Having to stop and go through one of these bureaucratic exercises at each of the three borders (Senegal/Gambia, Gambia/Senegal, Senegal Guinea Bissau) didn’t surprise me. What I wasn’t prepared for was how many times beyond that we were forced to halt — three or four separate detentions at each of the latter two frontiers, then more stops at checkpoints along the way. Sometimes only our driver had to get out (and once I think a “fee” was extorted); sometimes we all had to hand over our passports for furrowed-brow thumb-throughs. Each stop stole time.
For Steve and me, slumming as we are, most of this activity was actively entertaining for its cartoon quality and obvious absurdities. Tiny human dramas abounded.
But around 3:30 p.m. — when we were a full 90 minutes late for meeting the speedboat in Bissau that we’d hired to take us out to Bubaque Island — it began to grate on our nerves as it had been irritating Laura and our three African fellow passengers all along.
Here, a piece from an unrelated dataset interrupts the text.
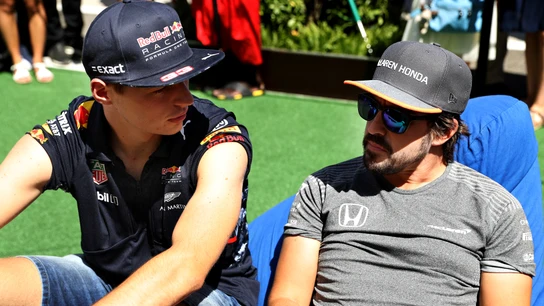 Alonso y Verstappen Alonso y Verstappen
Two of the latter were natives of Bissau (and speakers of English as well as Wolof, Portuguese, and some French). Friendly folks, they helped us find a taxi and direct the driver to the container port where Gilles had said we’d find the speedboat.
Miraculously, it was still waiting for us (and supposedly for an English threesome). Laura and I found some beers at a shanty bar across the street from the port, and from then on the afternoon got more and more golden. With sunset approaching, we left Bissau (sans Englishmen) around 4:30. We zoomed through glassy seas toward a misty paradise without borders or the rascals who harass those who would cross them.